TASK STATEMENT:
Reproduce the lines below exactly, starting at the one containing "Boekentas 'Superman' – DC Comics – 38 cm - Kiabi Boekentas" and stopping at the final line.

Dataset items

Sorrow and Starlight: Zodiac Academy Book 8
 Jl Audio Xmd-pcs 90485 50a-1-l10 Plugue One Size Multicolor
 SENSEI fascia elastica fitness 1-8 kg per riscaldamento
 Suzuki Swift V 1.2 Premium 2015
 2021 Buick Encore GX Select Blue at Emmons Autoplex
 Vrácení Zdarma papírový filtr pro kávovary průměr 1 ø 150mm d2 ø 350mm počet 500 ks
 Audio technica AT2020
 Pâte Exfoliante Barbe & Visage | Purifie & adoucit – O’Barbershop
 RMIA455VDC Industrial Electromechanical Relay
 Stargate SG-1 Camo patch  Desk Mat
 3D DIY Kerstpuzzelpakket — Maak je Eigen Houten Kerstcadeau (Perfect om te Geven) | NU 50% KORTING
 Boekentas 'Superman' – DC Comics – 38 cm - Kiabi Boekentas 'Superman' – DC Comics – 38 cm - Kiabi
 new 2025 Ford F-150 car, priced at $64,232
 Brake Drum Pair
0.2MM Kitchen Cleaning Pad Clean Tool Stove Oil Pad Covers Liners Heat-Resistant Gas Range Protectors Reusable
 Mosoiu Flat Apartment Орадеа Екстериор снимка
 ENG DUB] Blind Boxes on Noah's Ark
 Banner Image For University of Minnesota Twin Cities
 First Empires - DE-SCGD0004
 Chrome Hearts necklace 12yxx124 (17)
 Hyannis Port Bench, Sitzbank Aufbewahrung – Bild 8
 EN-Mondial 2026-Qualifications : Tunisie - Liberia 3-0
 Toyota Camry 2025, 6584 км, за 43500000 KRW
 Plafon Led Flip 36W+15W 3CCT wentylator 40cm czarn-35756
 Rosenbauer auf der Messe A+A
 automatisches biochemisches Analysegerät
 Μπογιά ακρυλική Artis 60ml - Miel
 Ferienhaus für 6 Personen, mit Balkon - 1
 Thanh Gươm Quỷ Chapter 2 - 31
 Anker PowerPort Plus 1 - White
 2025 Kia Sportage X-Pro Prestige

FINAL ANSWER:
 Boekentas 'Superman' – DC Comics – 38 cm - Kiabi Boekentas 'Superman' – DC Comics – 38 cm - Kiabi
 new 2025 Ford F-150 car, priced at $64,232
 Brake Drum Pair
0.2MM Kitchen Cleaning Pad Clean Tool Stove Oil Pad Covers Liners Heat-Resistant Gas Range Protectors Reusable
 Mosoiu Flat Apartment Орадеа Екстериор снимка
 ENG DUB] Blind Boxes on Noah's Ark
 Banner Image For University of Minnesota Twin Cities
 First Empires - DE-SCGD0004
 Chrome Hearts necklace 12yxx124 (17)
 Hyannis Port Bench, Sitzbank Aufbewahrung – Bild 8
 EN-Mondial 2026-Qualifications : Tunisie - Liberia 3-0
 Toyota Camry 2025, 6584 км, за 43500000 KRW
 Plafon Led Flip 36W+15W 3CCT wentylator 40cm czarn-35756
 Rosenbauer auf der Messe A+A
 automatisches biochemisches Analysegerät
 Μπογιά ακρυλική Artis 60ml - Miel
 Ferienhaus für 6 Personen, mit Balkon - 1
 Thanh Gươm Quỷ Chapter 2 - 31
 Anker PowerPort Plus 1 - White
 2025 Kia Sportage X-Pro Prestige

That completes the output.